What was Isaac doing at Be’er Laḥai Ro’i? According to the midrash, he went to bring Hagar back to his father Abraham, and Hagar is Keturah, the woman Abraham took in his latter years, who bore him the entire long list of sons described in the verses I cited above at the beginning. If so, in line with the ancient practice by which marriage ties were also political ties, perhaps this was Isaac’s attempt to draw near to the rising regional power, and, in parallel, to bring Ishmael and his offspring closer to the Abrahamic ethos that spreads blessing. After all, the Ishmaelites have ties both in Egypt and in the Land, and they could actually be a bridge.
But whether Keturah is actually Ishmael’s mother Hagar as the midrash claims, or not, the expulsion of all “the sons of the concubines” noted in the verses alongside the making of Isaac the sole successor - “But to Abraham’s sons by concubines Abraham gave gifts; and while he was still living, he sent them away from his son Isaac” - likely stirred old resentments. Abraham may have feared that the multiplication of his younger offspring would threaten Isaac’s hegemony, and so he repeated the move he had made a generation earlier when he expelled Hagar and Ishmael (at Sarah’s request and with Hashem’s approval).
But either way, the incident undermined the relationship between Isaac and Ishmael, and consequently Isaac returned empty-handed from Be'er Lahai Roi, and began his journey with Rebecca described in our portion. Per the above, Isaac and Rebecca’s journey included contending with the severing of trade routes and the isolation of the Land of Israel by the Ishmaelites surrounding it before returning to the third appearance of Be’er Laḥai Ro’i - near which Isaac settled after Abraham’s death - I wish to note a midrash that asks why Ishmael’s years are recorded, and that offers a different answer from the one in the Babylonian Talmud that I presented last week:
“‘And these are the years of Ishmael’: Why did Scripture see fit to reckon the years of a wicked man here? Because he came from the edge of the wilderness to perform kindness for his father (to bury Abraham).” (Bereishit Rabbah, Parashah 62)
That is, the midrash calls Ishmael a “wicked man," and then raises the possibility that the mention of his years indicates that he himself repented. In other words, his coming to Abraham’s burial - “His sons Isaac and Ishmael buried him in the cave of Machpelah” - expresses deference toward his father Abraham. Although Abraham gave everything to Isaac while pushing Ishmael to more remote locations - from Shur onward - there was reconciliation with Abraham, even if only after his death, and even if it was very hard for Ishmael to stand alongside Isaac, who received everything.

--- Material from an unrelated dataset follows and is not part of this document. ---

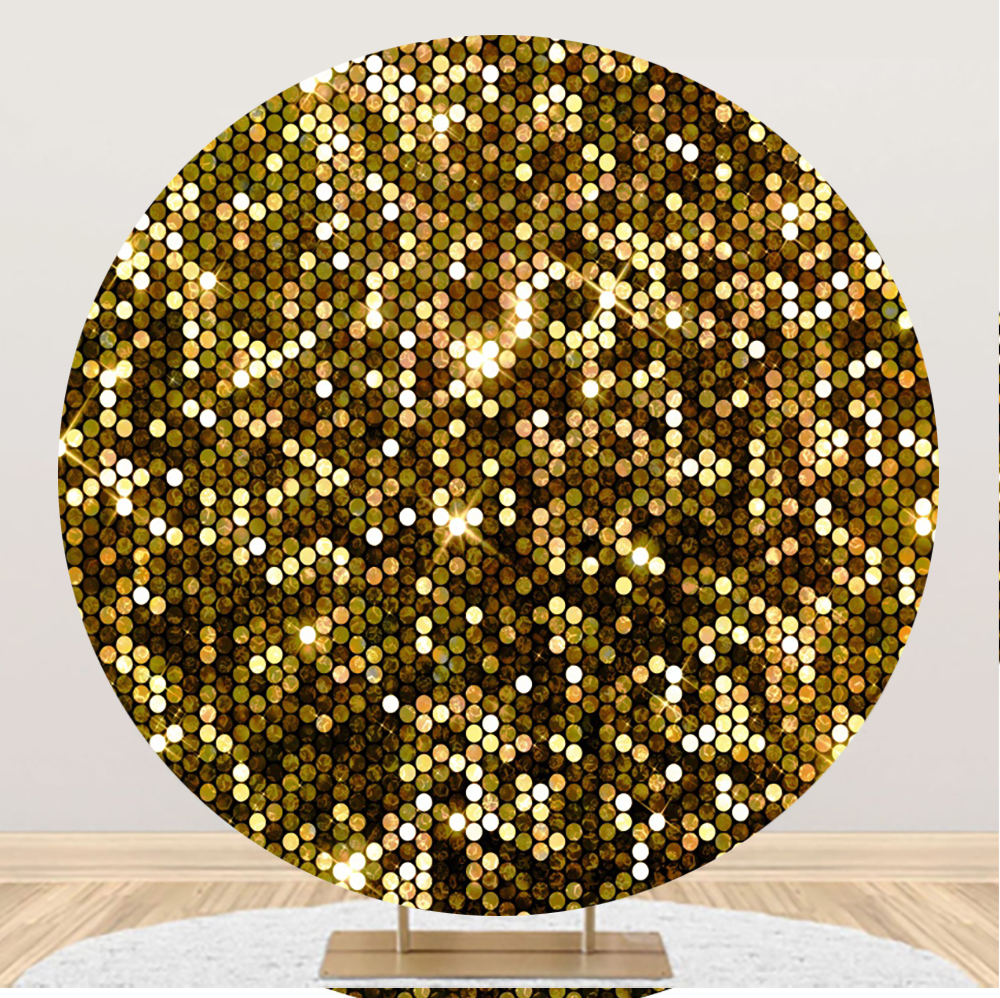 Gold Silver Black Glitter Ligh - Photography Lighting Circle recension och pris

If so, we can imagine that, around Abraham’s death, Ishmael softened - perhaps simply because many years had passed, and perhaps because he had already become significantly established, which dulled the sting of rejection. Therefore, after Abraham’s death Be’er Laḥai Ro’i (located “on the road to Shur”) is recalled a third time. The verse “After the death of Abraham, God blessed his son Isaac. And Isaac settled near Be’er-Lahai-roi” is a code for the establishment of a covenant with Ishmael. This time Isaac succeeded in forging a lasting pact with the Ishmaelites who controlled the distribution channels and lived beyond the border in Shur down the road. That partnership was a new kind of blessing granted him after Abraham’s death. After Abraham’s own time and the alliances he forged with Aner, Eshkol and Mamre, the linkage of Isaac and Ishmael were the first “Abraham Accords."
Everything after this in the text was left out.